Präsident
Um die ersten drei Monate von Andrés Manuel López Obrador an der Spitze Mexikos zu bewerten, empfiehlt sich ein Blick auf die Wirtschaftsdaten des Landes. Die Währung ist so stabil wie seit Jahren nicht mehr, Investoren schießen Milliarden in das Land, die Verbraucher sind zuversichtlich und der Wachstumsabschwung fällt moderater aus als prognostiziert. Die zweitgrößte Volkswirtschaft Lateinamerikas blüht unter dem ersten linken Präsidenten der Geschichte des Landes nahezu auf.

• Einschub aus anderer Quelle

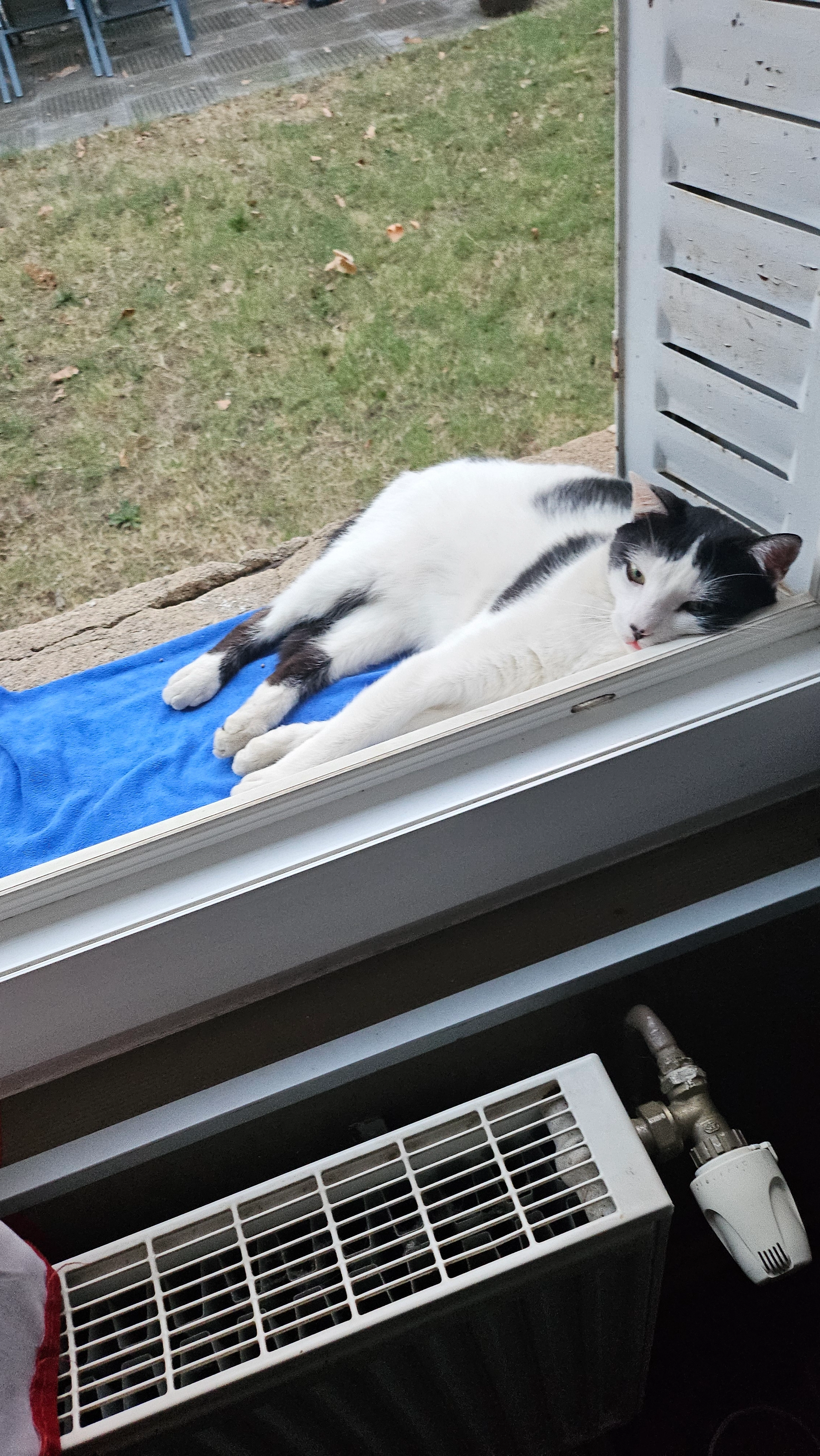 Percy - Rue du Lyonnais, Saint-Priest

Die ersten mehr als 100 Tage der Regierung von López Obrador waren gekennzeichnet von Überraschungen wie diesen, aber auch von Aktionismus, von erfüllten Versprechen, von applaudierten, aber auch heftig kritisierten Entscheidungen. Der 65-Jährige hat Versprechen schnell umgesetzt, sich mit Nichtregierungsorganisationen angelegt, staatliche und halbstaatliche Institutionen abgeschafft. Alles dient dem übergeordneten Ziel seiner Präsidentschaft: „Wir wollen ein Wirtschaftsund Sozialmodell in Mexiko etablieren, in dem es keine Korruption gibt und wir mit Ehrlichkeit regieren.“Dabei behält López Obrador seinen autoritären, provokanten, ichbezogenen Stil aus dem Wahlkampf auch als Präsident bei.
Gerade erst sorgte er mit der Forderung für Aufregung, die spanische Regierung möge sich für die Übel der Kolonisierung bei Mexiko entschuldigen. Dafür erntete er Kritik – in Spanien, aber auch im Land selbst, von rechts wie von links.

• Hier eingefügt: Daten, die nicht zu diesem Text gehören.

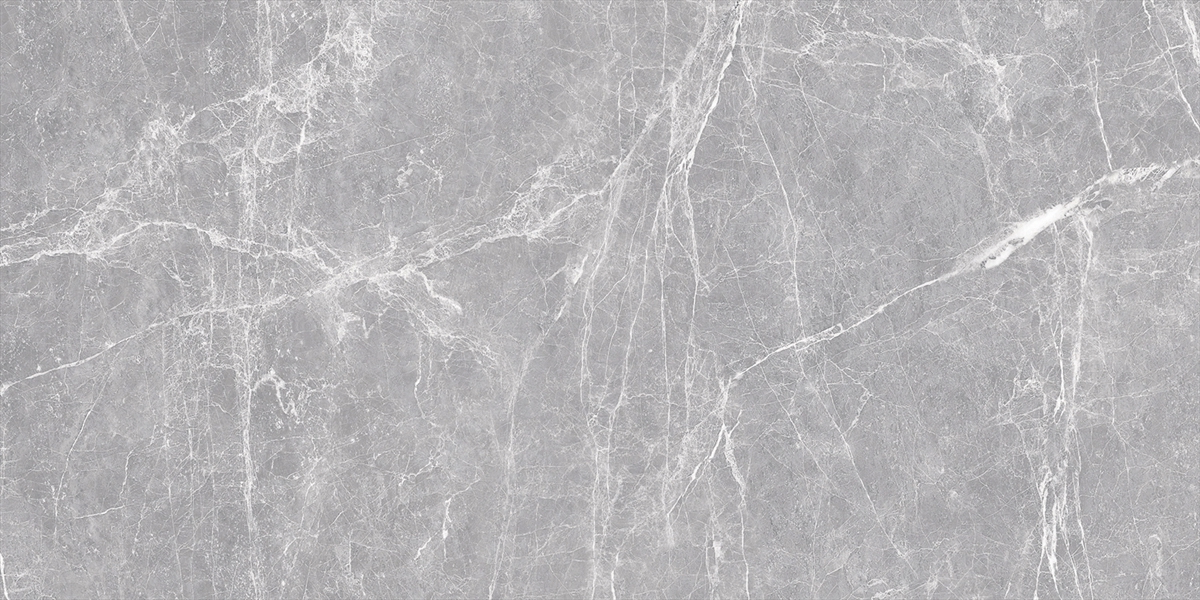 Terre Gray Polished 24x48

Fernab solcher „Wutanfälle“, wie der Analyst Jorge Zepeda Patterson die Forderung nennt, hat sich der Präsident als akribischer Arbeiter erwiesen. Der Aufbau einer Nationalgarde zur Bekämpfung der Organisierten Kriminalität, die Schaffung einer Wahrheitskommission, um die Verbrechen an den 43 Studenten von Ayotzinapa aufzuklären, und die Abschaffung der Privilegien für Staatsdiener und ExPräsidenten: Für all diese Maßnahmen lieben die Mexikaner ihren Präsidenten. 80 Prozent der Bevölkerung bescheinigen ihm in der Startphase seiner Regierung einen sehr guten Job.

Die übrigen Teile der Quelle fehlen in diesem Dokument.